The book launched at Selfridges and Harvey Nichols in London, Edinburgh and Dublin, and Marc Jacobs stores everywhere, and at Colette in Paris and at similar shops in Geneva and Zurich and other cities and at Barneys New York when it was still something, with Simon Doonan decorating the windows on a Sextrology theme. Parker Posey came to the Barneys event which was funny and confusing to fans of Will and Grace on which she portrayed the manager of Barneys at the time.We did radio and tv in the US and Europe, we ultimately wrote columns for every publication and website from Paris Vogue to the Daily Beast. Sextrology made quite a splash. Several different production companies tried and failed to build a tv show around us, both in the U.S. and, ironically, mostly, in the U.K.. Ari Emanuel at WME physically handed our book to Charlize Theron with whom Stella met as she, too,wanted to produce a show about us but, once again, agents in the form of WME got in the way. That’s a long story in its own right. Suffice to say they lied to both Charlize and to us telling the other that we didn’t want to do the one type of project we both wanted to do. Lying for a living.

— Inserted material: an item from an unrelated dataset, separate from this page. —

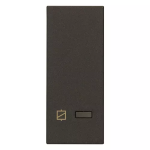 Attuatore connesso IoT 16A nero SERIE VIMAR LINEA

I could go on and on and on. And I’m sure I will. I always do. But I want to get to the main point of this particular Blague which is a little bit of magic and or cosmic humor:
I wrote the book proposal. And though I had pretty much resigned myself to the fact it wasn’t going to be circulated to would-be agents because I just couldn’t bring myself to do that, it soon looked like we would have a great agent after all. Through other successful writer friends we had met this great agent years ago and have stayed in touch socially. When asked what we were up to we simply explained we had written this proposal but didn’t have the stomach to do some directed search. Well you can pretty much guess the rest. The point I’m making is that somehow just the writing of the proposal was enough. Perhaps there was power enough just in that process and in the intention alone to bring this project to light that it sent out its own beacon of unspoken inquiry. And so when asked what was up with us in book world, the very simple honest answer was all that was organically necessary to make a connection. At leat that is the hope. As we are known to say: Most things don’t happen, but everything happens eventually.